WHAT YOU SHOULD DO
Please set down, unchanged, the line containing "3 PCS 3D Metal" and all the lines that follow it until the data below ends.

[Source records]
──────────────────────────────

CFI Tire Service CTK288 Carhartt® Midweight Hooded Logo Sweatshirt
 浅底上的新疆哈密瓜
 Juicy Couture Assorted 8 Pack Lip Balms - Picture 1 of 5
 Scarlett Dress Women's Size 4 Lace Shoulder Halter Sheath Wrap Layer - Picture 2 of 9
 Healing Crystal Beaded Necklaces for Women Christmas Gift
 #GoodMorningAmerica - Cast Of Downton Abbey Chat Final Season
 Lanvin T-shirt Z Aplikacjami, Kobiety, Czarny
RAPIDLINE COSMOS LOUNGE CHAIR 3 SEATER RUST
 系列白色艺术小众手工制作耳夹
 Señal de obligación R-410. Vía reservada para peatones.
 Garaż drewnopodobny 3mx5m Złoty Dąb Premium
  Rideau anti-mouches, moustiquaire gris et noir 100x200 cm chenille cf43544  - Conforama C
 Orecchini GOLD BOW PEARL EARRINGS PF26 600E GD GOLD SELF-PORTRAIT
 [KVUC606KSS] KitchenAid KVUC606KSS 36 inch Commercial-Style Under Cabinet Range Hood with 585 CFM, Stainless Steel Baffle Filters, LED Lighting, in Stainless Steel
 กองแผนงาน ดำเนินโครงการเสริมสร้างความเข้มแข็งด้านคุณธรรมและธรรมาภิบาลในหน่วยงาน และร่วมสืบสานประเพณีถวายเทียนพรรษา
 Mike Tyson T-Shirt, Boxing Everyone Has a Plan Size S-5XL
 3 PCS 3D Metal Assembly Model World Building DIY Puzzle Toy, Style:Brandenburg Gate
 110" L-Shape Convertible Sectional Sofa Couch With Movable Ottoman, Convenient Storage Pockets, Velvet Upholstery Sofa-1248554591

──────────────────────────────

YOUR SOLUTION
 3 PCS 3D Metal Assembly Model World Building DIY Puzzle Toy, Style:Brandenburg Gate
 110" L-Shape Convertible Sectional Sofa Couch With Movable Ottoman, Convenient Storage Pockets, Velvet Upholstery Sofa-1248554591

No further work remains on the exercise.